[INSTRUCTIONS TO FOLLOW] Set down the final stretch of the data, from the line that holds "Una calle residencial" through the last line, both included, with pictures left out.

[TASK INPUT]
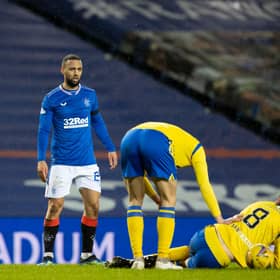 Rangers' Kemar Roofe (centre) is booked for the challenge on Murray Davidson that earned a two-match ban following an SFA review (Photo by Alan Harvey / SNS Group)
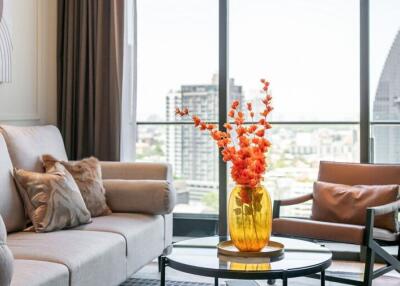 Modern living room with a large window and city view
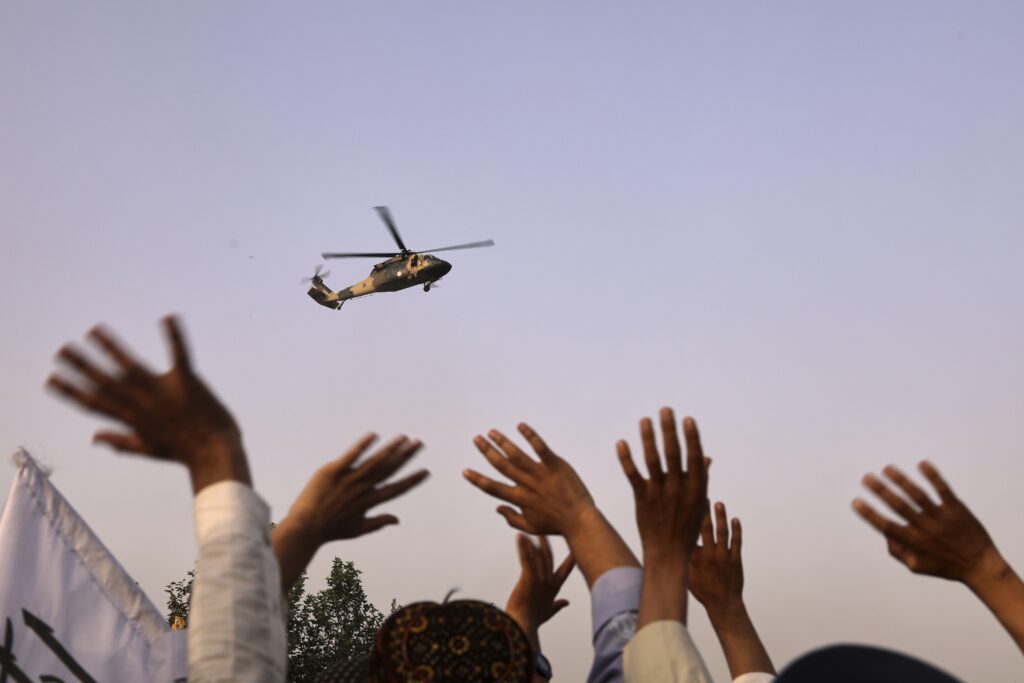 People in Afghanistan waving to military helicopter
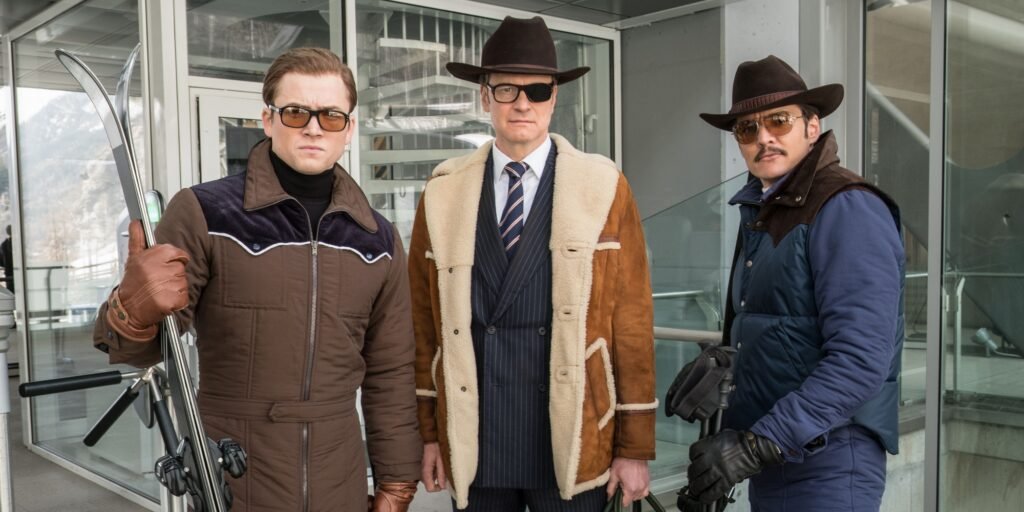 Targon Egerton, Colin Firth and Pedro Pascal stand waiting to ski in Kingsman: The Golden Circle | Agents of Fandom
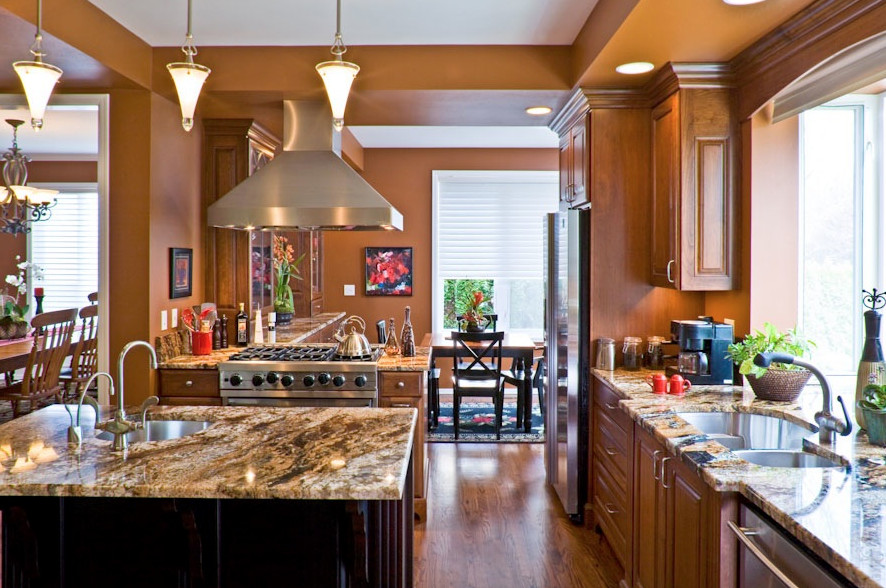 Einzeilige, Mittelgroße Klassische Wohnküche mit Granit-Arbeitsplatte, zwei Kücheninseln, Doppelwaschbecken, profilierten Schrankfronten, hellen Holzschränken, Küchengeräten aus Edelstahl und braunem Holzboden in Seattle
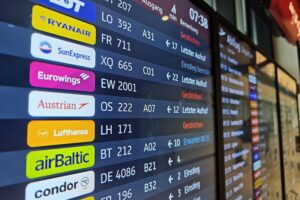 Piloten streiken vor Flughafen, Passagiere warten verzweifelt auf Informationen zu Flugstreichungen.
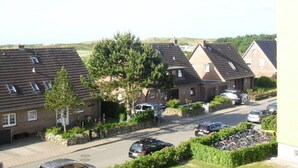 Una calle residencial con casas, coches aparcados y bicicletas.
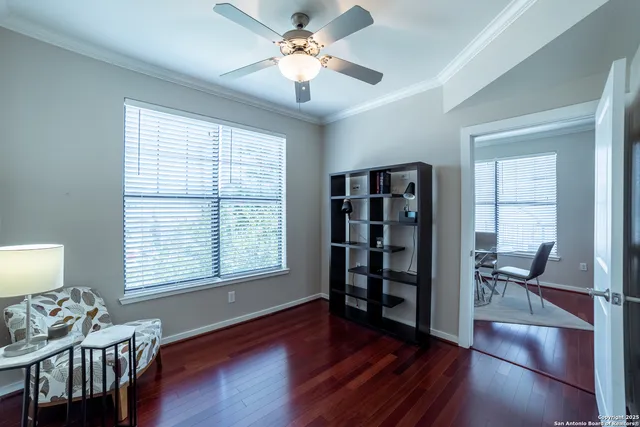 a furnished livingroom with furniture and a window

[ANSWER SPACE]
 Una calle residencial con casas, coches aparcados y bicicletas.
 a furnished livingroom with furniture and a window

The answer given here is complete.